The second thing was that the public ballots are already in the bank, and my first iteration didn’t account for this. What I did at first is fit the actual results (from 2014) as a linear combination of public ballots (from 2013); but the better thing is to subtract the public ballots from the total ballots, which gives me the private ballots (for 2014), and fit the public ballots (from 2013) to those private ballots, and then finally add back in the ballots in the bank. This is a very convenient way to account for sample size, and as a natural consequence makes it more and more difficult for the model to deviate from the average of public ballots as the fraction of public ballots approaches 100%.

For this particular data analysis, the number of voters in the training sample is comparable to or even more than the number of players (target variables), so regression doesn’t make sense without regularization. And if you’re going to use regularization, then it makes sense to use cross-validation to determine the amount of regularization. I used the RidgeCV fitter from the scikit-learn Python package. This worked well for this problem since it gives an easy interface to regularized (Ridge) regression, automatically including a fancy cross-validation procedure. The downside is that it doesn’t support weighted linear regression (i.e. heteroscedasticity), which is why I ended up kludging the data by making copies of the more influential data points (as mentioned above). Part of the lesson I got from messing around with using different samples (e.g. 2012+2013 vs only 2013 to predict 2014, or considering only players whose public-ballot was above a certain threshold in the fit…) was that the results can vary quite a lot, depending in the subset of voters+players you choose. Therefore, I also used bootstrapping to estimate uncertainties on my predictions. As opposed to the cross validation, I did code this part myself, which basically meant doing a loop, choosing a random sample of voters (“sampling with replacement”), and repeating the fit procedure. For my final results, I used samples the same size as the full pool of voters, and something like 1000 iterations (256 vs 1024 vs 2048 really doesn’t make much difference).

So in summary, my HOF model used the public ballots provided by Ryan Thibodaux’s HOF tracker; the voters I considered were those that made their ballots public in both 2014 & 2015; I used ridge-regression with cross validation to determine the regularization parameter; I used bootstrapping to generate uncertainties on my predictions. The results were (click on the image to get a larger version),

The blue x marks show the actual results, the yellow points show my model predictions, with uncertainties determined using bootstrapping.

Here are my predictions compared against some other models I could find on the internet; if you’ve got more please send them my way! Yes, my model has the lowest RMS of the 5, but I swear I would have written this anyway; I’m less interested in showing off than I am in learning something.
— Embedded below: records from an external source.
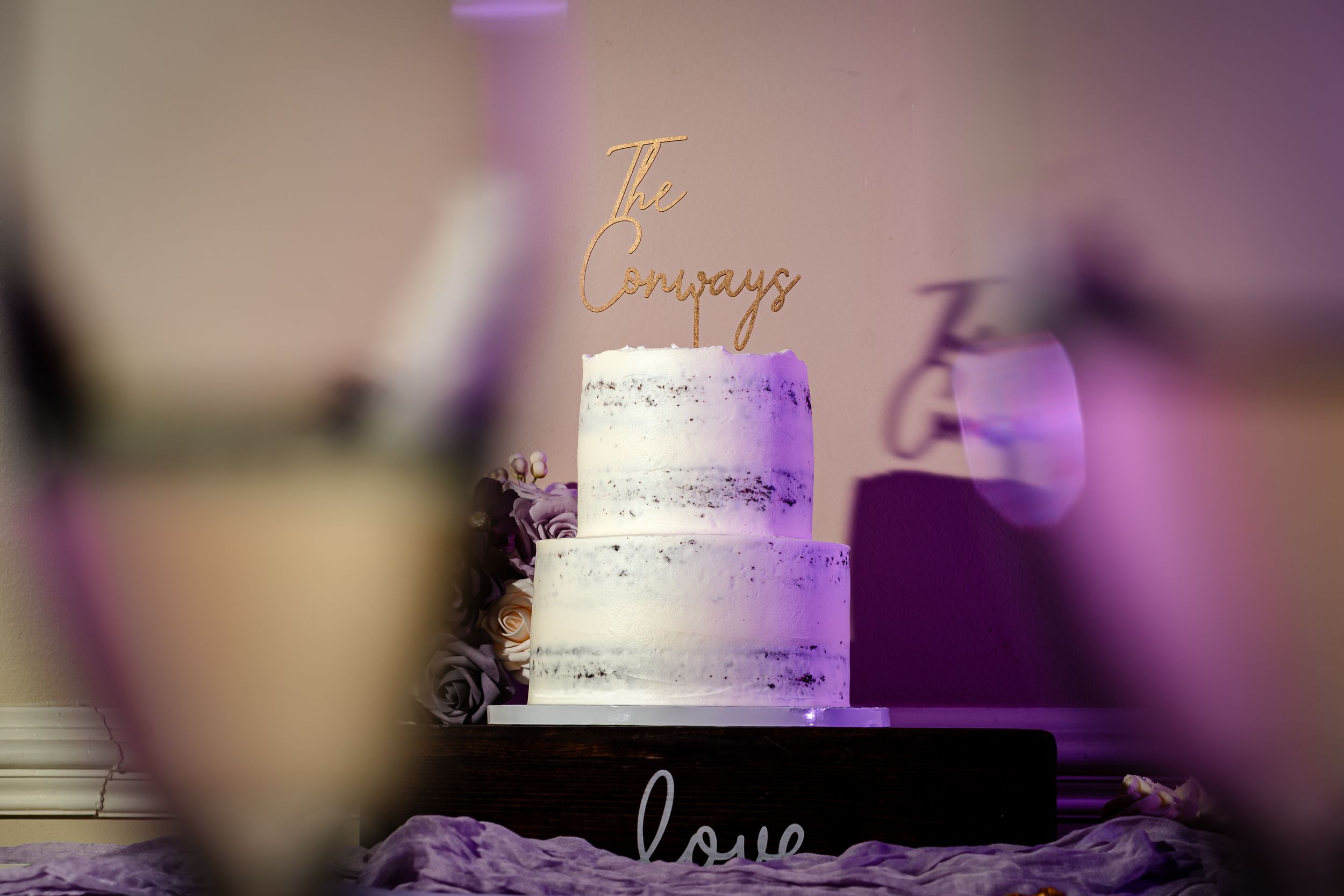 Elegant white wedding cake with purple lighting and decorative text.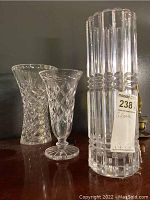 Three crystal glass vases with different cut patterns shown together on table.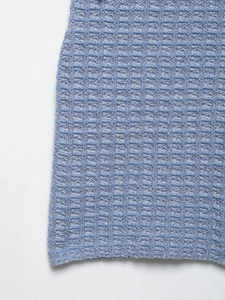 Macro view showing light blue waffle knit texture and fabric detail of the dress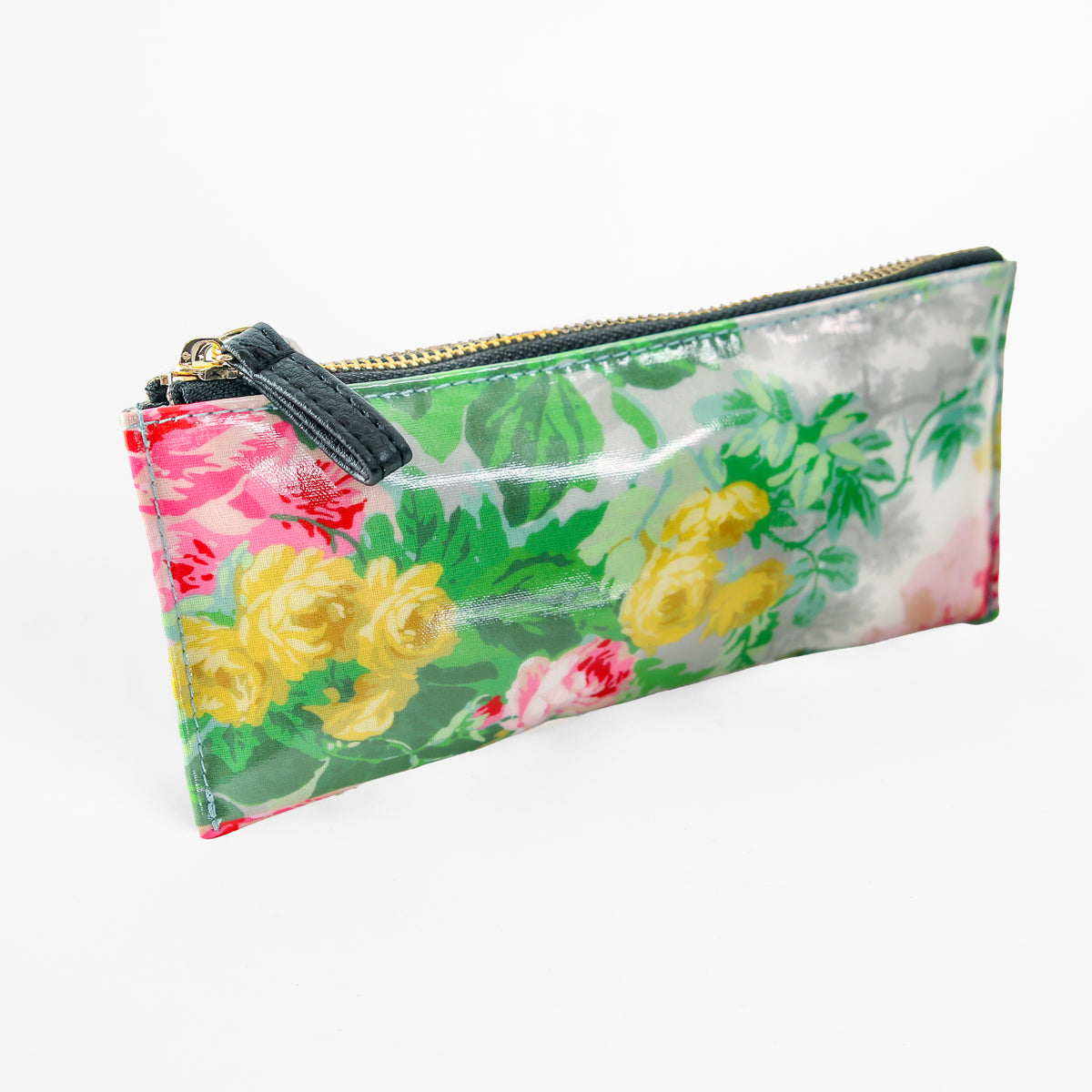 The Virginia Pencil Case is a rectangular zipper pouch adorned with a vibrant floral pattern featuring yellow, green, pink, and red flowers on a crisp white background. Accented with a dark green zipper pull, this charming accessory makes an ideal, stylish pencil bag for women who appreciate bold and colorful designs.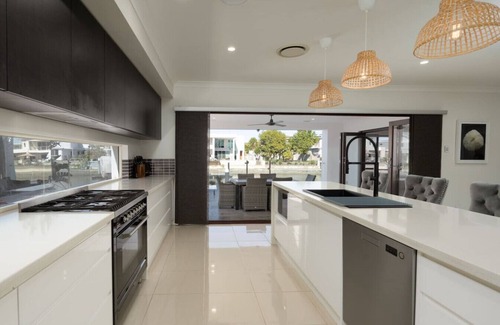 Biggera Waters House | North Quay Waterfront Family Holiday Home + Pool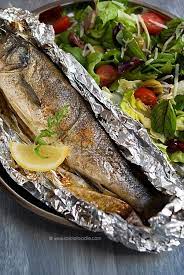 Lemon Stuffed Mediterranean Sea Bass Branzino Cooked In Foil Spicie Foodie Healthy Fish Recipes Recipe Fish Recipes Healthy Whole Fish Recipes Sea Bass Recipes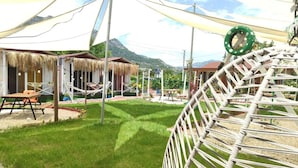 A grassy outdoor area with a hammock, a table, and a thatched-roof structure. - zeyos lodge (kumluca)
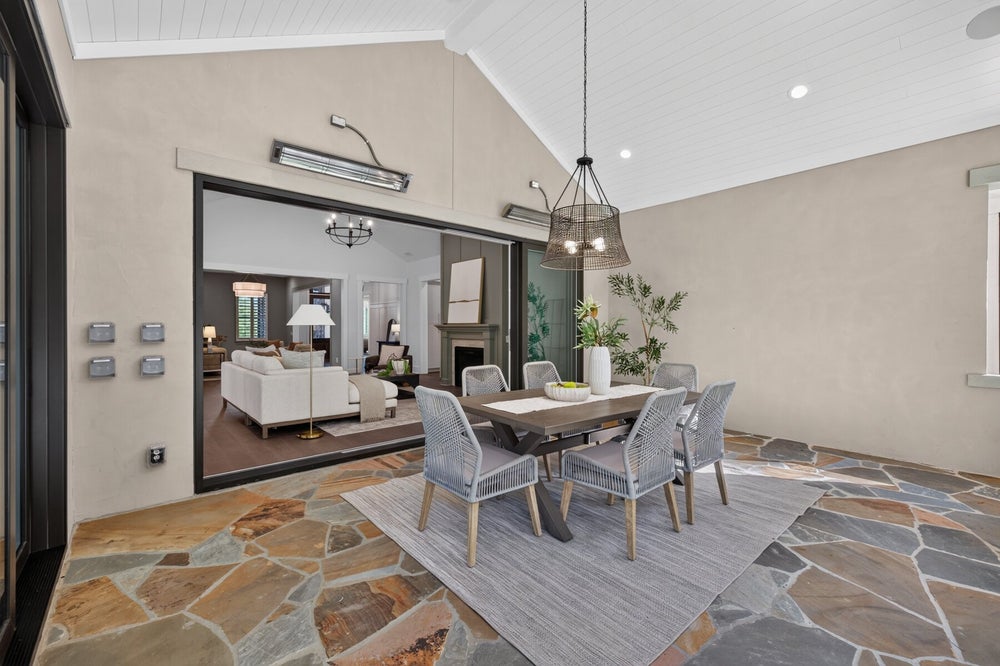 Covered outdoor dining area with stone floor, six-chair table, and open sliding doors to living room inside.
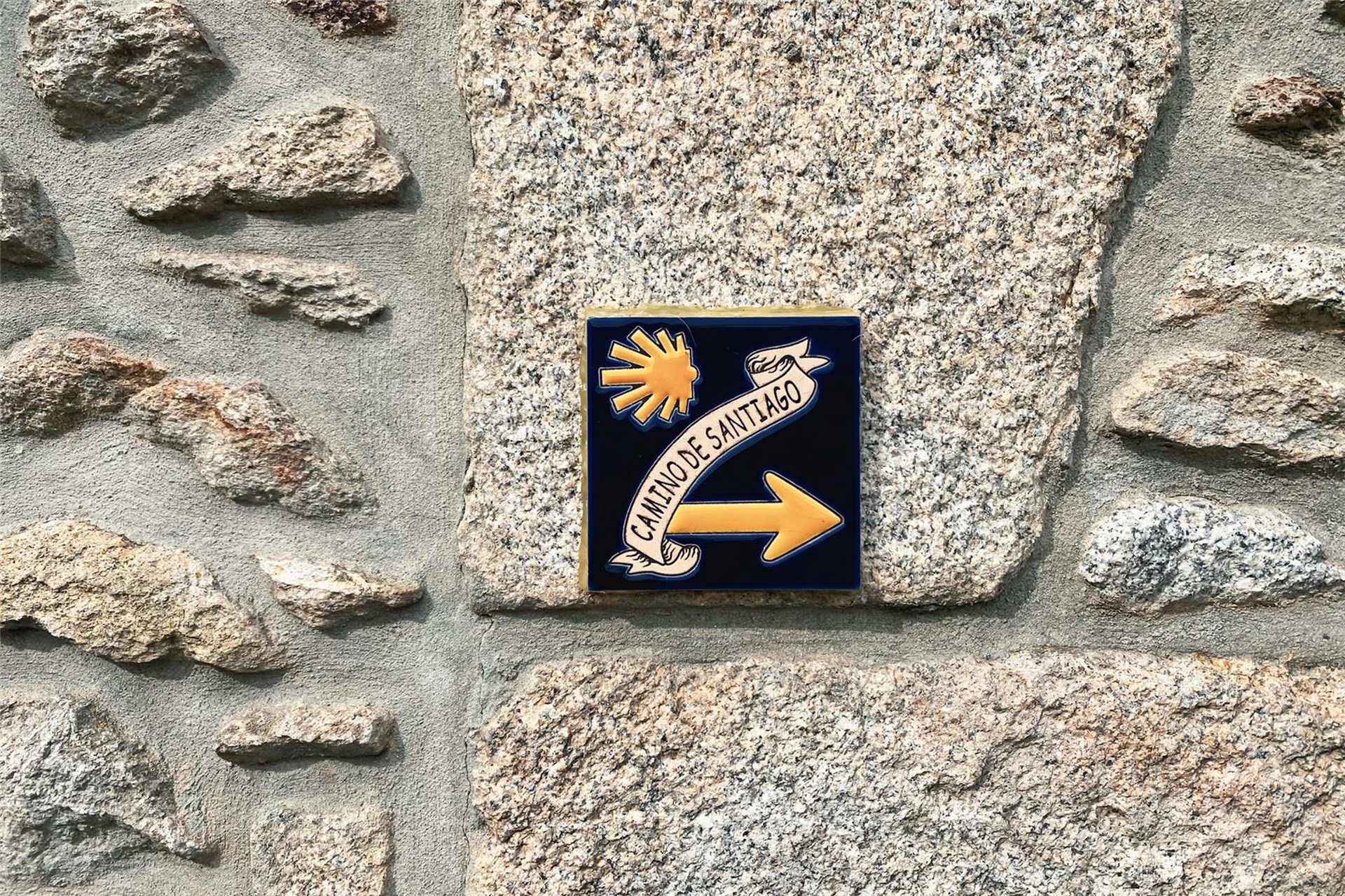 auf einer Steinmauer ist eine quadratische kleine Fließe angebracht auf der eine gelbe Muschel, ein gelber Pfeil und ein Schriftzug "Camino de Santiago" abgebildet sind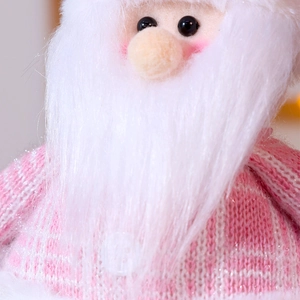 Pink sitting Santa Claus plush with sequins and knitted details for Christmas decor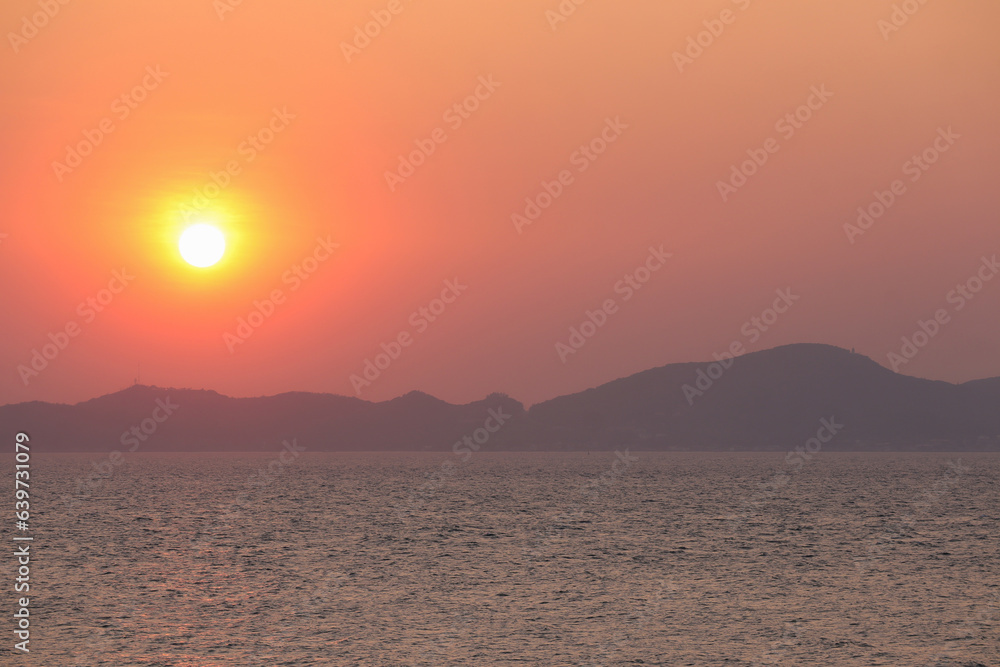 Nature background, Beautiful scenery and Golden sunset of the beach. Reflected sun on a water surface. 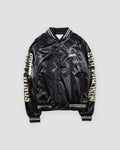 Black satin-like bomber jacket with cream sleeve lettering and striped rib trims, front view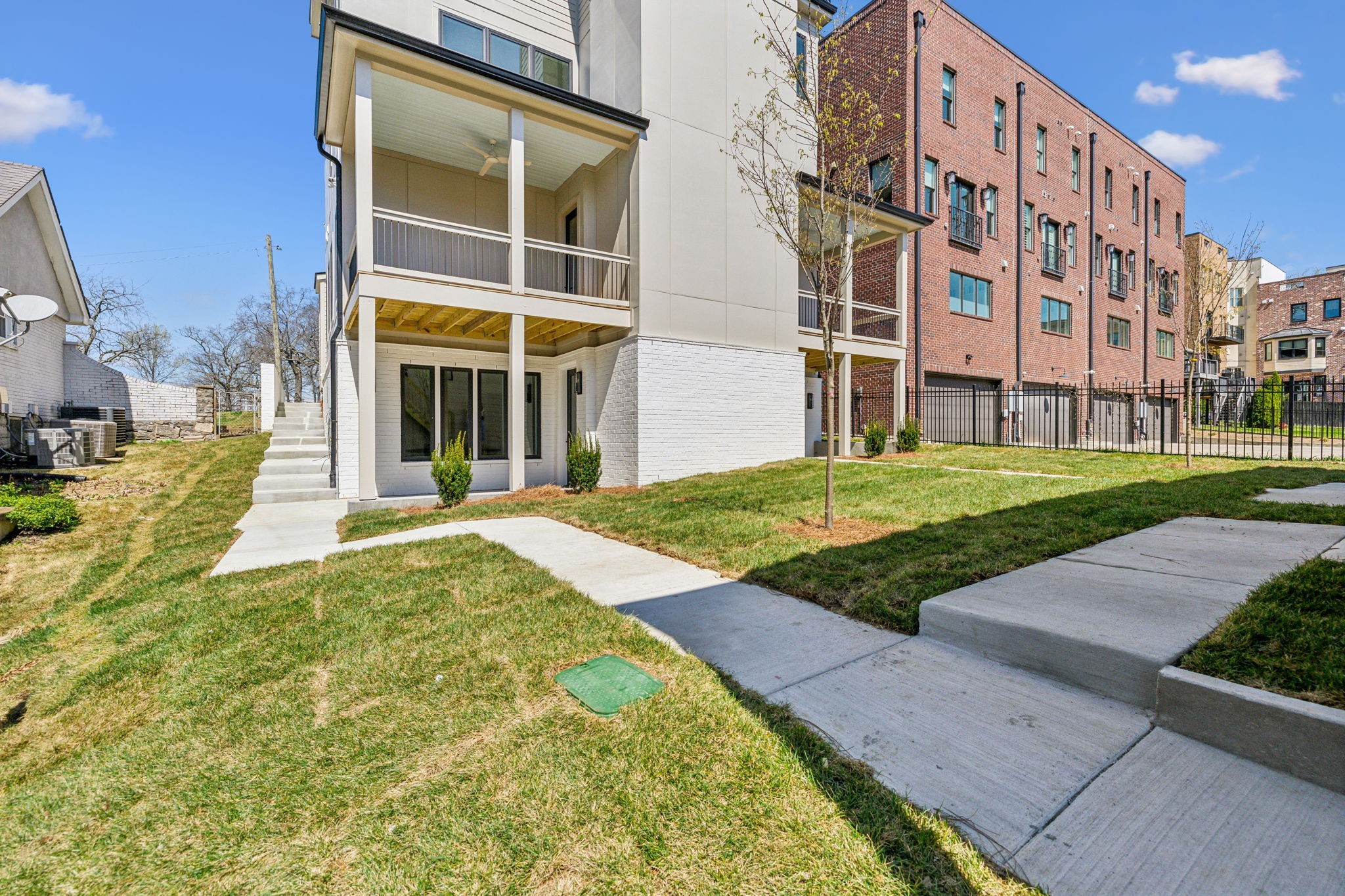 3135 Parthenon Avenue, Unit A Nashville, TN 37203 - Photo 52 of 77 a view of a building with a yard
I can’t speak in great detail about every other model, but I know Tango split voters into categories based on whether they voted for Bonds/Clemens or not, and whether they had a full ballot or not, and made an inference from that. The “baseballot” model is described in detail here,

http://baseballot.blogspot.com

As far as I understand it, it is simlar to what I did in that it uses a linear combination of voters, based on a fit to previous years results. Poznanski and Lindholm gave predictions that used the public ballot results plus some subject-matter expertise as opposed to a statistical model.